GRA-Preisträger Yves Bellinghausen auf Recherchereise in El Salvador (privat)

EEHH: Herzlichen Glückwunsch zum Gewinn des German Renewables Awards in der Rubrik 'Medienarbeit des Jahres'! Auf Ihrer Website steht, dass Sie sich auf die Themen Energie, Fortschritt und Schach spezialisiert haben. Wie kam es dazu?

Yves Bellinghausen: "Als ich letztes Jahr an der Reportageschule meine Abschlussarbeit recherchiert habe, habe ich über die deutsche Nordseeinsel Helgoland geschrieben, die sich in den vergangenen Jahren von einem heruntergewirtschafteten Rentnerdomizil zu einem Hotspot der deutschen Energiewende verwandelt hat. Mich hat das Thema interessiert, weil hier Sozialwissenschaften und Technik zusammenkommen. Energiewendethemen sind eine ziemlich interdisziplinäre Frage. Das finde ich spannend. Für Schach interessiere ich mich privat schon lange und seit 2020 durch die Netflix-Serie Damengambit der Hype losging, habe ich eine Chance gesehen, mein Hobby wenigstens Teilweise zum Beruf zu machen. Um Profischachspieler zu werden, war ich leider nie klug genug, aber wenigstens gibt es seit ein paar Jahren genug öffentliches Interesse für Schach, als dass ich darüber schreiben kann."
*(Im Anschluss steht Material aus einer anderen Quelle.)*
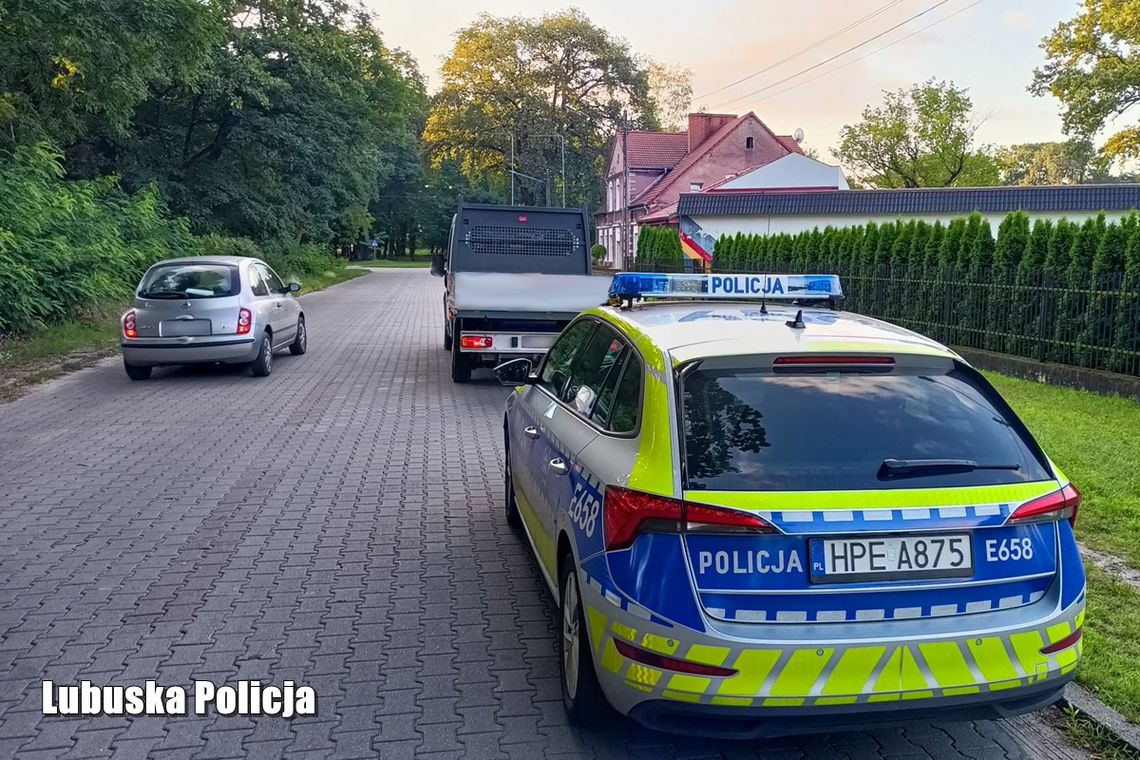 Na widok policjantów zawrócił… okazało się, że był nietrzeźwy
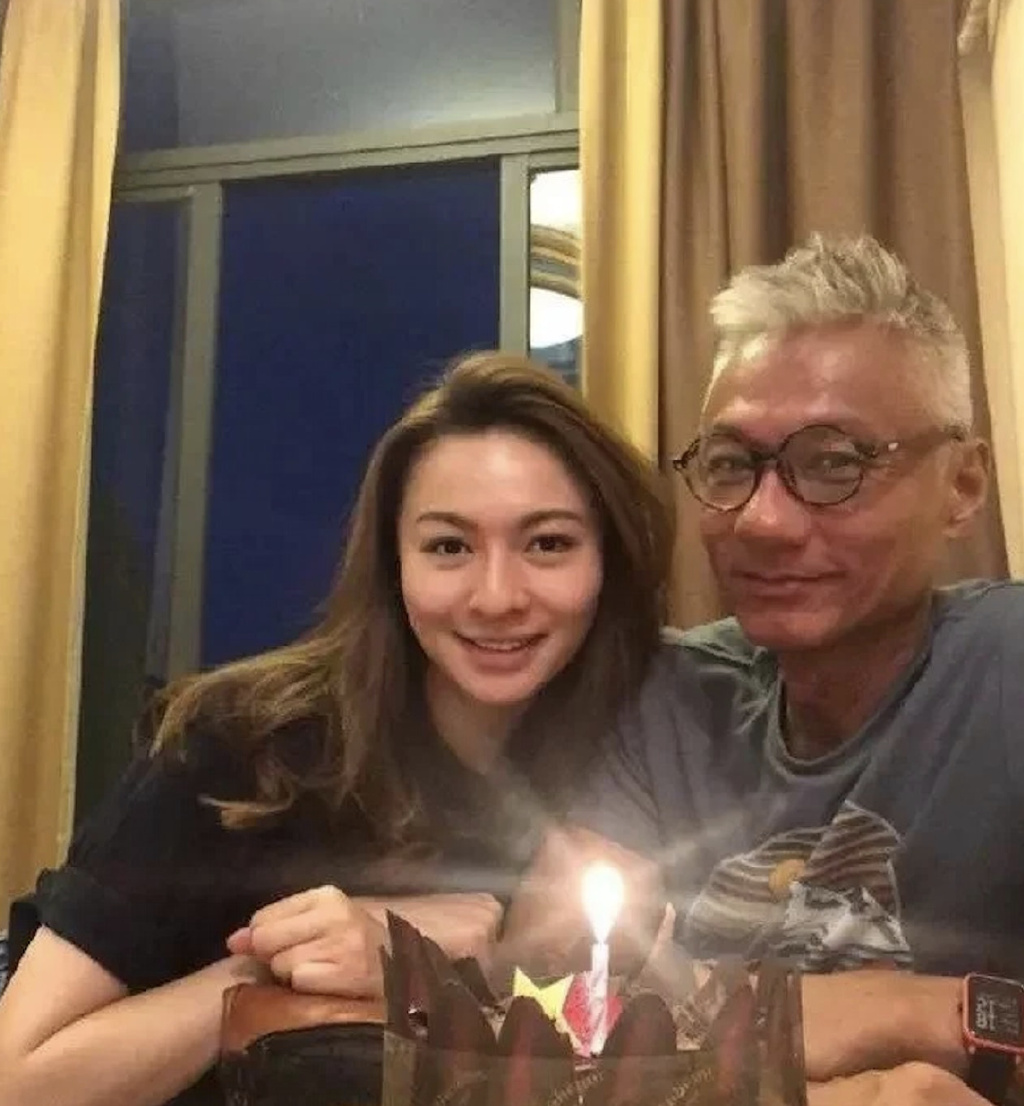 港姐冠军父亲被指曾家暴，两任妻子态度各不同，儿子隔空力挺父亲|林俊贤|林钰洧|陈志敏_新浪新闻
EEHH: Was reizt Sie besonders am Thema oder möglicherweise auch Energiewende? Was genau bedeutet Fortschritt für Sie?

Yves Bellinghausen: "An der Energiewende reizt mich, dass es auf den ersten Blick ein technisches Problem ist, dass aber bei genauerem Hinsehen nur politisch und gesellschaftlich gelöst werden kann. Ich glaube, die Frage, wie wir unsere Energieversorgung grün umstellen, wird die mit Abstand wichtigste Aufgabe dieses Jahrhunderts sein, denn sie entscheidet ja darüber, ob die menschliche Zivilisation weiterbestehen kann. Ich glaube, eine so große Aufgabe hat es selten gegeben in der Geschichte der Menschheit und das journalistisch zu begleiten, fasziniert mich. Fortschritt bedeutet heute für mich, die modernen Errungenschaften der gesamten Menschheit zur Verfügung zu stellen, ohne dabei die Welt zu vernichten."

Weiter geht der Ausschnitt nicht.